### Work to complete:
All of the data, except its images, should be set down exactly as it appears.

### Collected material:
┄┄┄┄┄┄┄┄┄┄┄┄┄┄┄┄┄┄┄┄

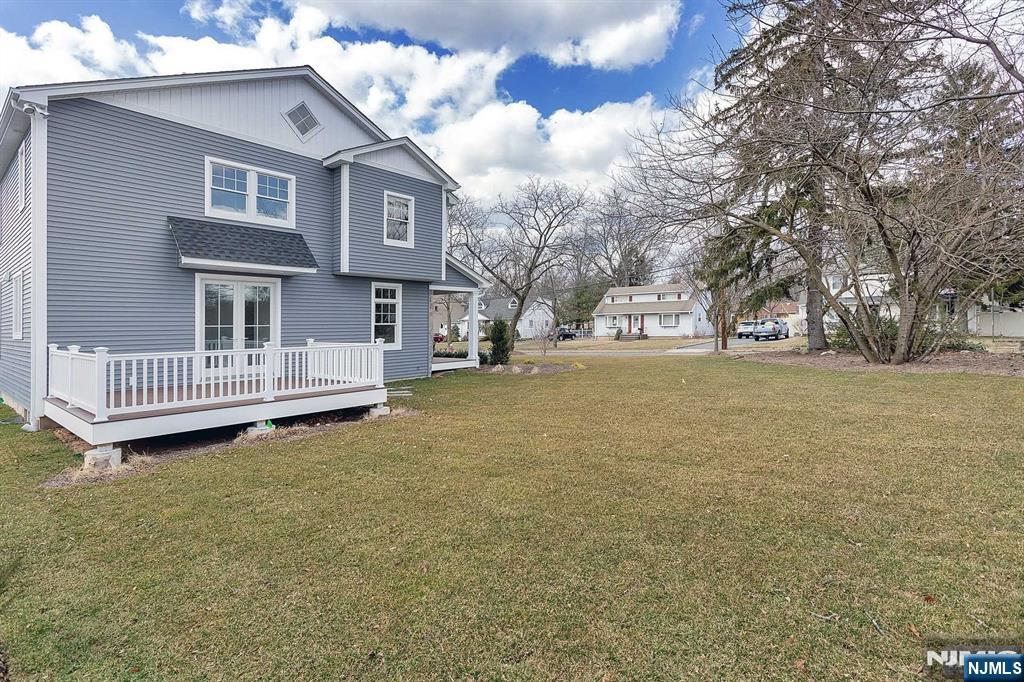 582 Green Valley Road Paramus, NJ 07652 - Photo 24 of 25 a front view of a house with a garden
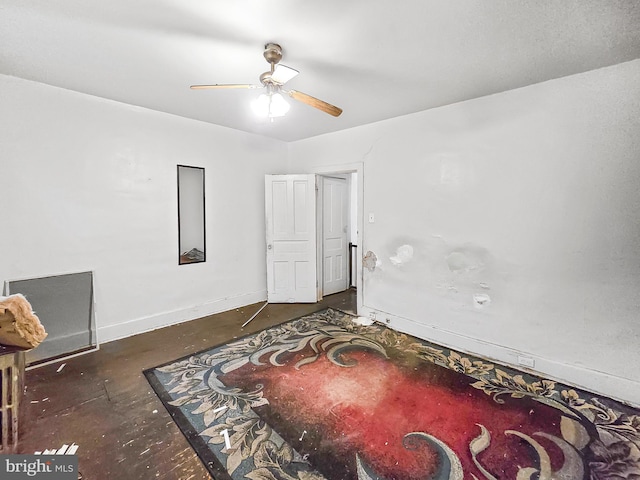 1837 W Juniata St, Philadelphia, PA 19140 - unfurnished bedroom featuring baseboards, concrete flooring, and a ceiling fan
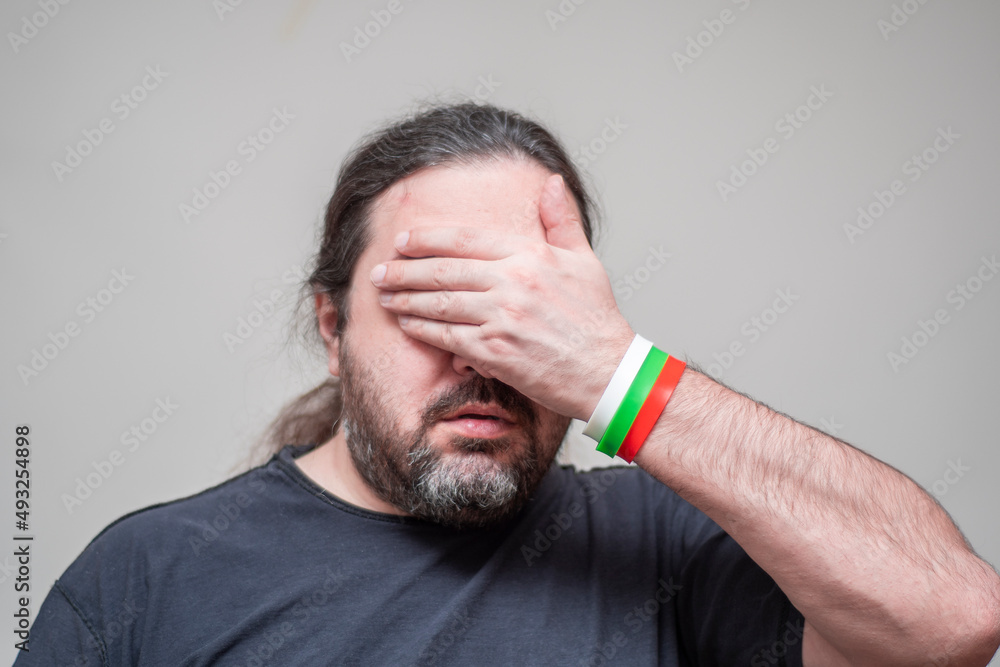 Fototapeta premium An unshaven man with bracelets in the colors of the Bulgarian flag pathetically closes his eyes with his palm.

┄┄┄┄┄┄┄┄┄┄┄┄┄┄┄┄┄┄┄┄

### Problem solution:
 582 Green Valley Road Paramus, NJ 07652 - Photo 24 of 25 a front view of a house with a garden
 1837 W Juniata St, Philadelphia, PA 19140 - unfurnished bedroom featuring baseboards, concrete flooring, and a ceiling fan
 Fototapeta premium An unshaven man with bracelets in the colors of the Bulgarian flag pathetically closes his eyes with his palm.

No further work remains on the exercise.